Questions still need to be answered on the Verizon ‘hack’

According to a report in ZDnet, a hacker calling himself TibitXimer “downloaded more than 3 million customer entries from Verizon's database, including names, addresses, mobile serial numbers, the opening date of each account, and account passwords.” He then posted around 10% (about 300,000) of them on Pastebin. Verizon quickly responded to ZDnet by email: “"We have examined the posted data and we have confirmed that it is not Verizon Wireless customer data. Our systems have not been hacked.”

TibitXimer’s twitter account has since been removed, and the Pastebin dump is no longer available. Both companies have become more active in cleaning up their darker side; Twitter has recently suspended a number of Anonymous accounts, while Pastebin has become proactive in removing files that contain personal information.

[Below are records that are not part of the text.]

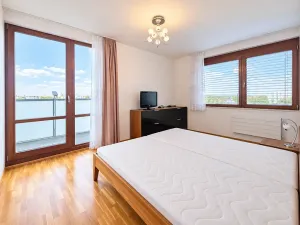 Pronájem bytu 4+kk, Praha - Krč, Hudečkova, 182 m2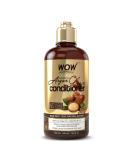 WoW Skin Science Moroccan Argan Oil Hair Rinsing - Shine Hydration & Itchy Scalp Relief (16.90 fl oz) - Buy Online on GoSupps.com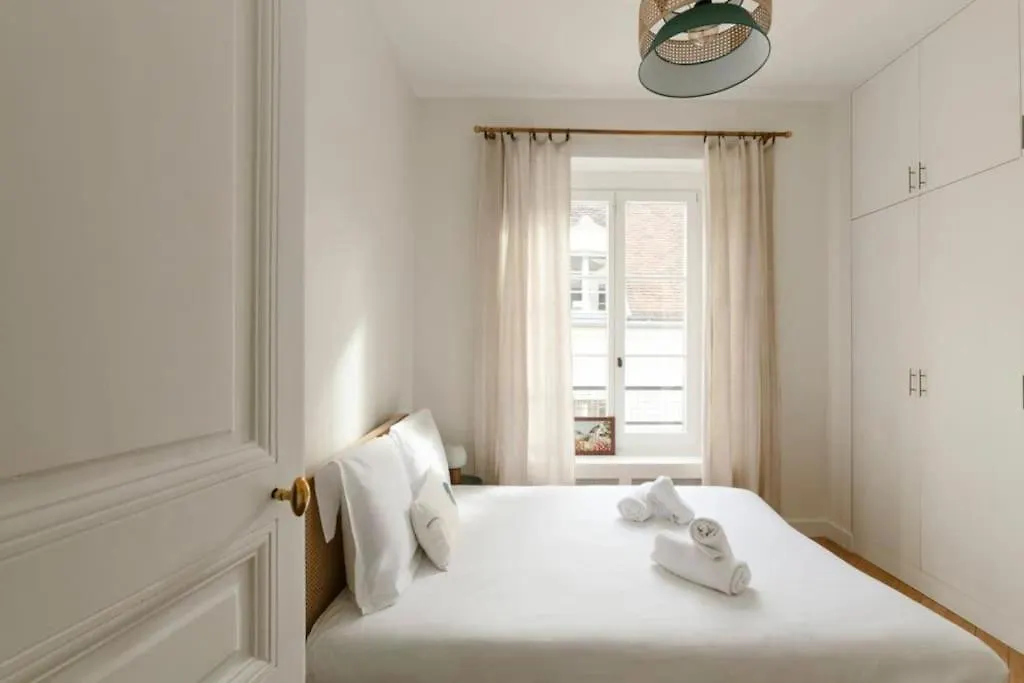 Elegant Apartment - Paris 6Th - 4P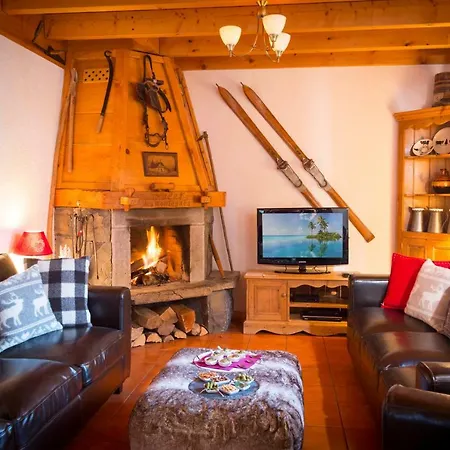Simply - Chalet Des Montagnes Chalet *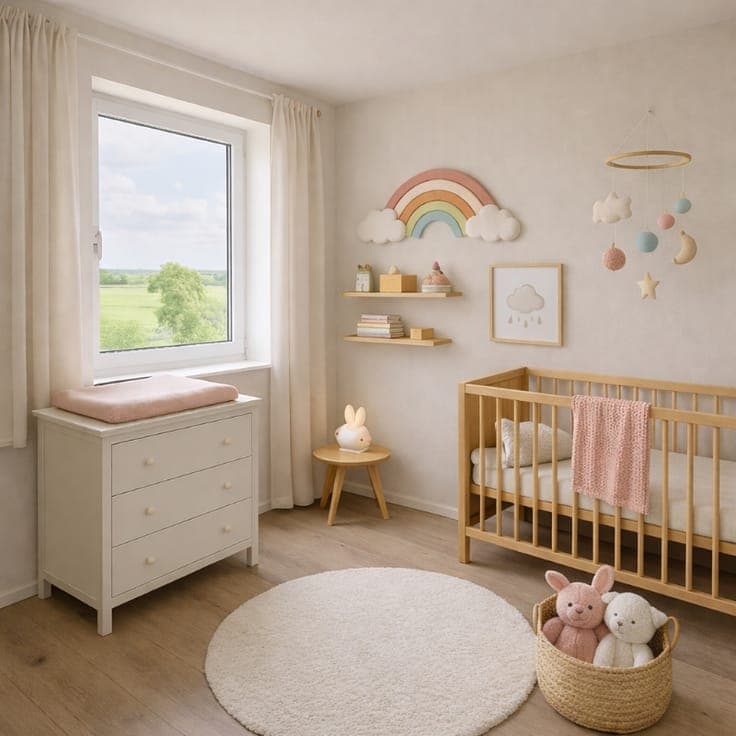 Ruime woning in een rustige straat.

The data dump itself seems to have been genuine, but the source is queried. In an interview with BetaNews, the hacker insisted, quite explicitly, that the data came from Verizon. While both Verizon Wireless and FiOS were compromised, “FiOS is the only portion in the leak.” (Note that Verizon’s statement says that “it is not Verizon Wireless customer data”).

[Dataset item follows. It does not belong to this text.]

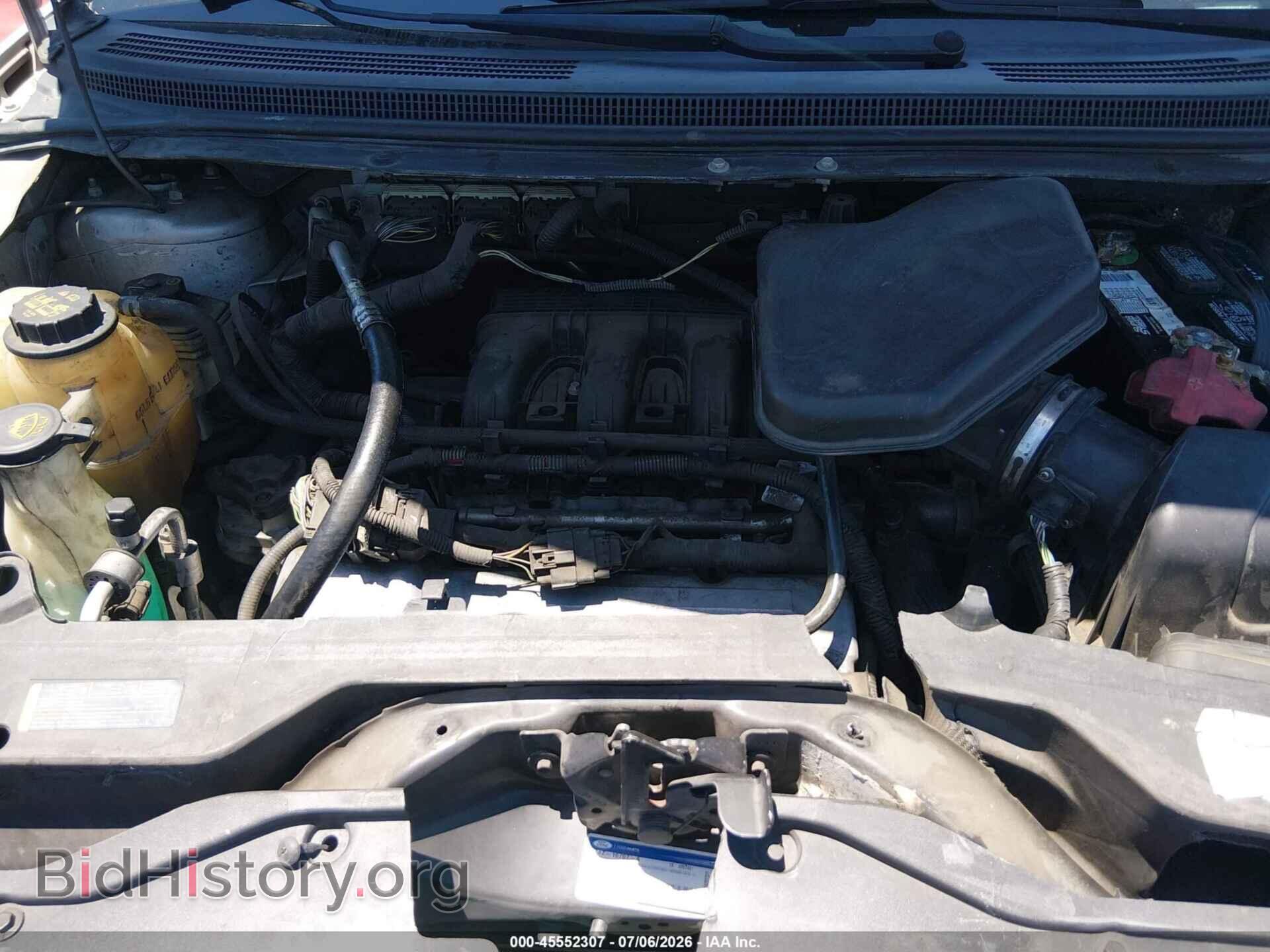 2010 FORD EDGE - VIN: 2FMDK3GC9ABB74867 - Photo 10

The alleged hacker told ZDnet that he informed Verizon of the breach when it happened, but the company “ignored my report.” In an email to, Verizon has subsequently said, “Some were Verizon customers, most were not. In regards to the number of individuals, the total was about 10% of what was originally reported. In answer to your question about a vulnerability: No there was not. There was no vulnerability exploited. The data posted was related to 3rd Party Telemarketer Sales Lead Lists. That issue was addressed immediately once we were made aware of the issue.”

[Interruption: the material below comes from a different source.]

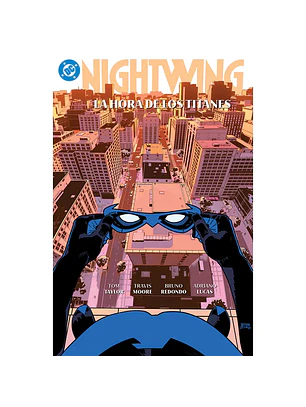 AMANECER DE DC: NIGHTWING VOL 5 - PANINI COMICS ESP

If this is true, there is another serious question that still needs to be asked and answered. ZDnet reported, “Before the customer records were published online, Tibit showed ZDNet a snapshot of some of the data, which appeared jumbled, but was in plain text and relatively easy to understand. It clearly showed account data, including names and addresses, and what appeared to be passwords.” What, then, was a third-party marketing company doing with Verizon (or other companies’) customer passwords?